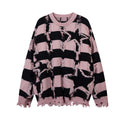Oversized Star Stripe Knit Sweater With Fringe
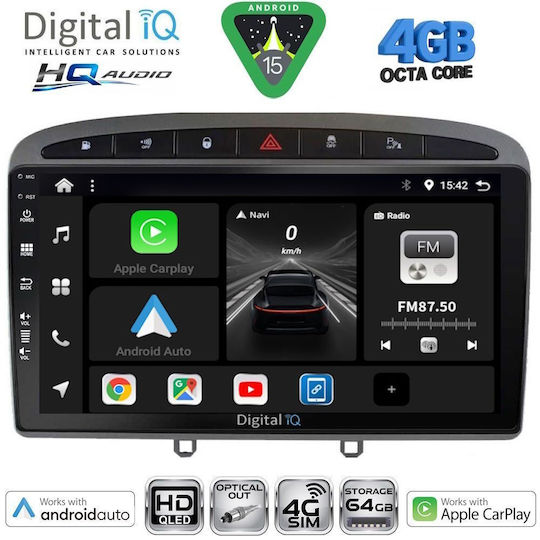 Digital IQ Ηχοσύστημα Αυτοκινήτου για Peugeot 308 / RCZ 2007-2012 (Bluetooth/USB/WiFi/GPS/Apple-Carplay/Android-Auto) με Οθόνη Αφής 9"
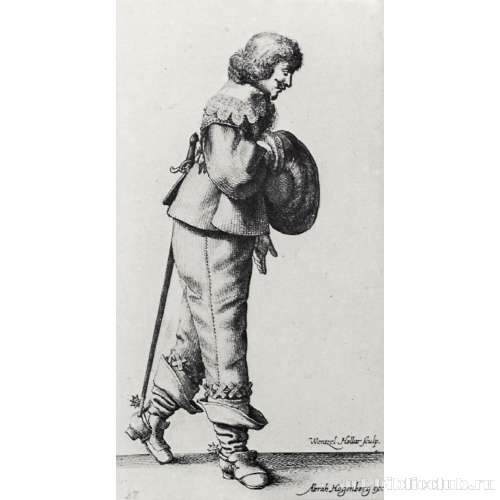 Стоящий, приветствующий кавалер, повернувшийся вправо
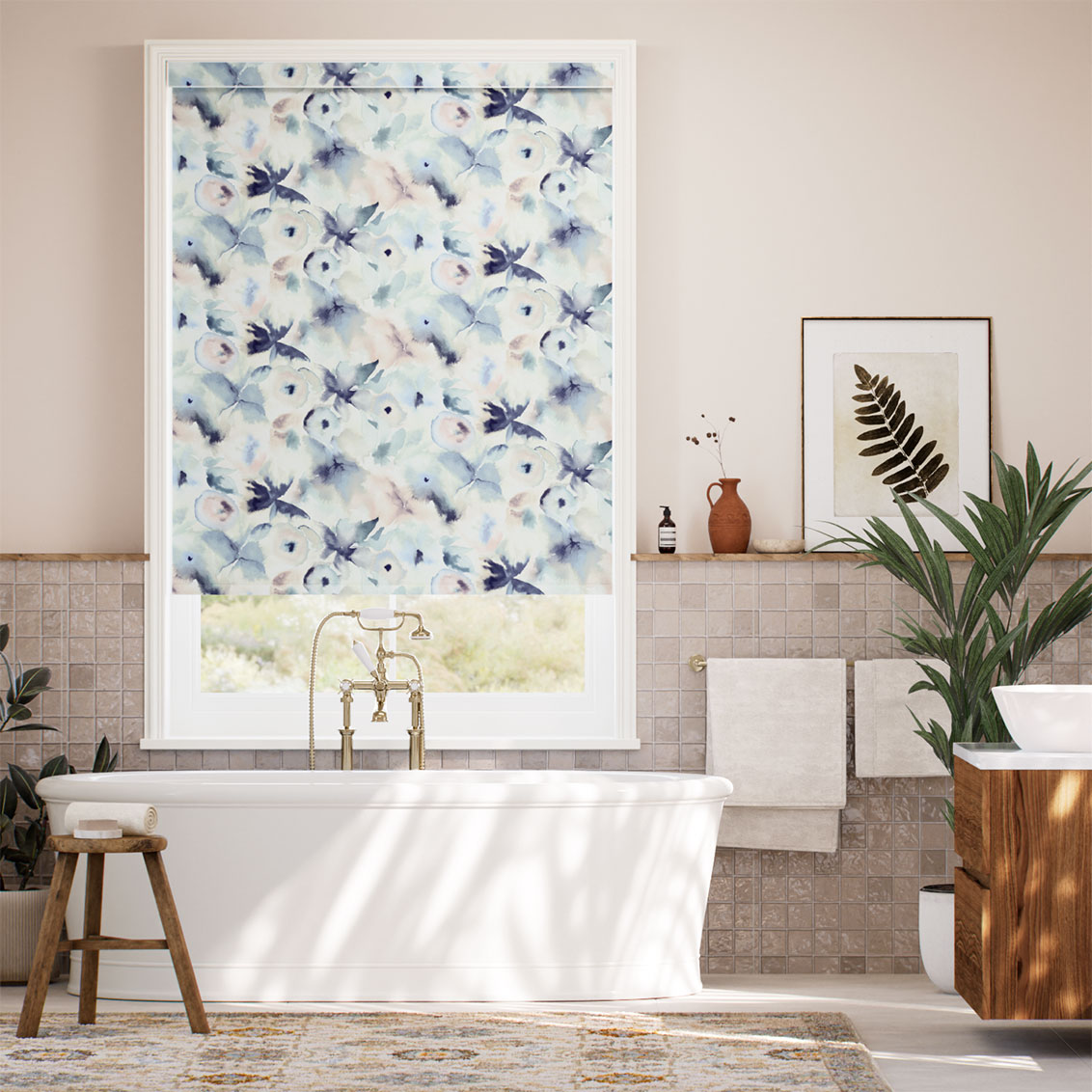 Splash Blackout Flores Moonlight Roller Blind
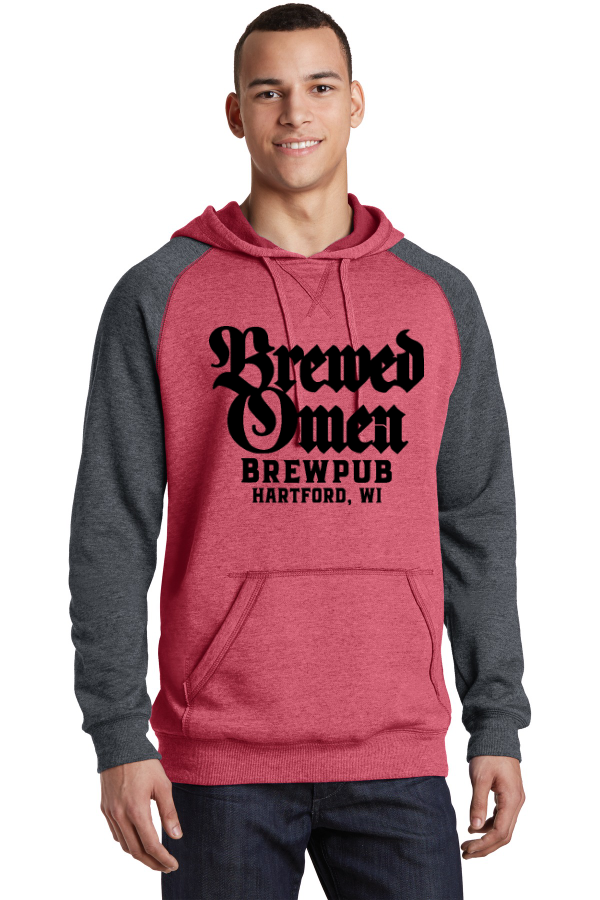 F3-District Young Mens Lightweight Fleece Raglan Hoodie. DT196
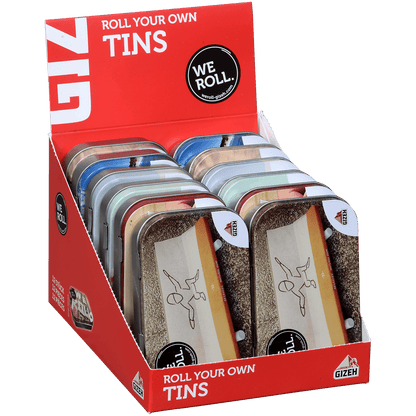 **TINS TOBACCO GIZEH ASSORTED COLLECTOR TINS 12 CT. DISPLAY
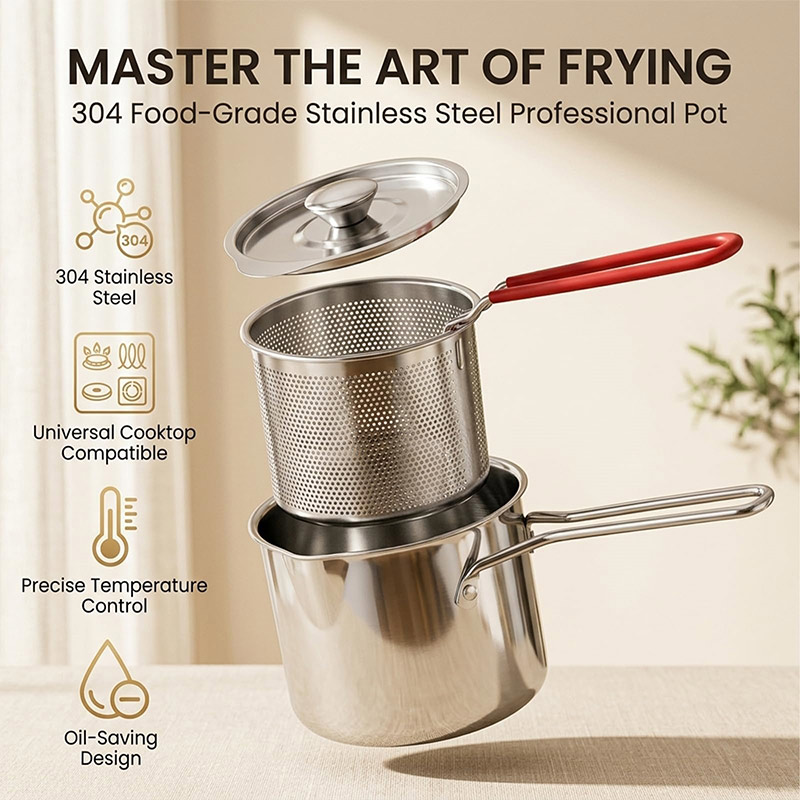 Home Cooking Oil Filter - Mini Panela de Fritura Profunda em
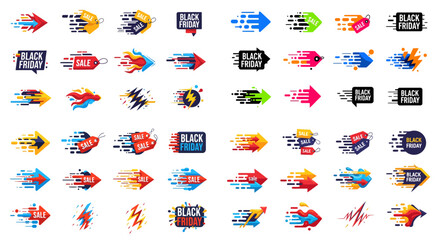 Dynamic Motion Icons Set for Black Friday Vector Design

#####

Drop the pictures and reproduce the rest of the entries above exactly.

Oversized Star Stripe Knit Sweater With Fringe
 Digital IQ Ηχοσύστημα Αυτοκινήτου για Peugeot 308 / RCZ 2007-2012 (Bluetooth/USB/WiFi/GPS/Apple-Carplay/Android-Auto) με Οθόνη Αφής 9"
 Стоящий, приветствующий кавалер, повернувшийся вправо
 Splash Blackout Flores Moonlight Roller Blind
 F3-District Young Mens Lightweight Fleece Raglan Hoodie. DT196
 **TINS TOBACCO GIZEH ASSORTED COLLECTOR TINS 12 CT. DISPLAY
 Home Cooking Oil Filter - Mini Panela de Fritura Profunda em
 Dynamic Motion Icons Set for Black Friday Vector Design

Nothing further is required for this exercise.